Reducing Exposure Risk
“Throughout the pandemic, we have seen that demographic groups such as racialized people or people who live in low-income neighborhoods have experienced much higher burden and worse outcomes from COVID-19 infection,” Fahad Razak, MD, assistant professor of health policy, management, and evaluation at the University of Toronto, told Medscape Medical News. Razak did not participate in the research.
“This important study explores what factors may have contributed to this increased risk by focusing on one particularly high-risk group: South Asians in the greater Toronto area.
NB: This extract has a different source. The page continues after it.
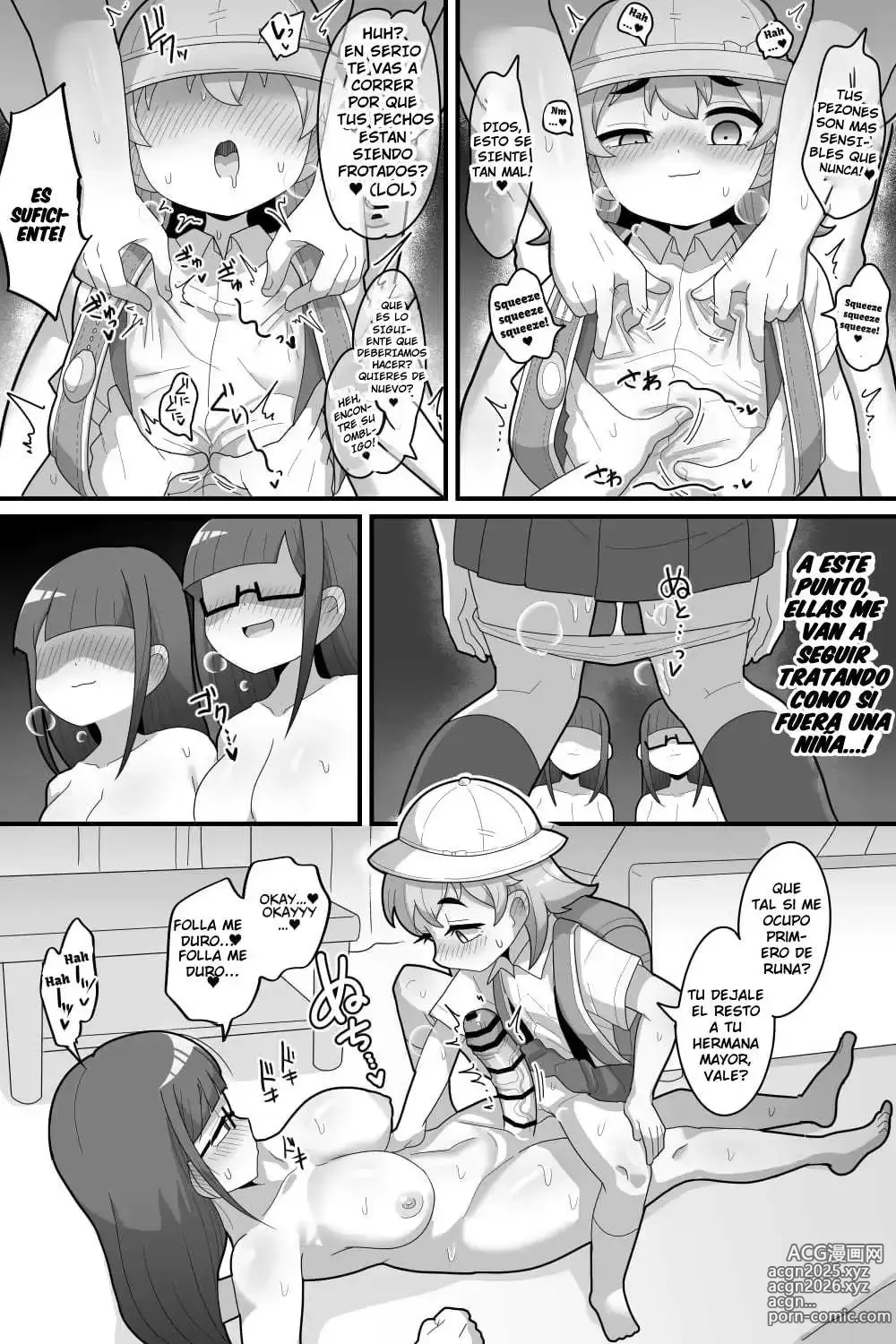 Page 36 of doujinshi Amo Mucho Mucho a Mis hermanastras Futanari♥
It shows that South Asians had much higher rates of SARS-CoV-2 infection due to risk factors that range from workplace exposures, such as being essential workers or in high-risk workplaces, to community risk factors, such as multigenerational housing,” said Razak.
“Immigrant groups such as South Asians are overrepresented in many of the jobs considered to be essential work, including food preparation, delivery services, transport, and healthcare support, often in workplaces where low pay and lack of benefits and protections produce especially high-risk environments for infection spread,” he added.
“This study gives public health experts and government a range of critical areas to focus on as we enter future waves of infection, and it highlights targets to try and reduce exposure risk and spread within high-risk communities.”
The study was funded by the COVID-19 Immunity Task Force via funds from the Public Health Agency of Canada. Wahi and Razak reported no relevant financial relationships.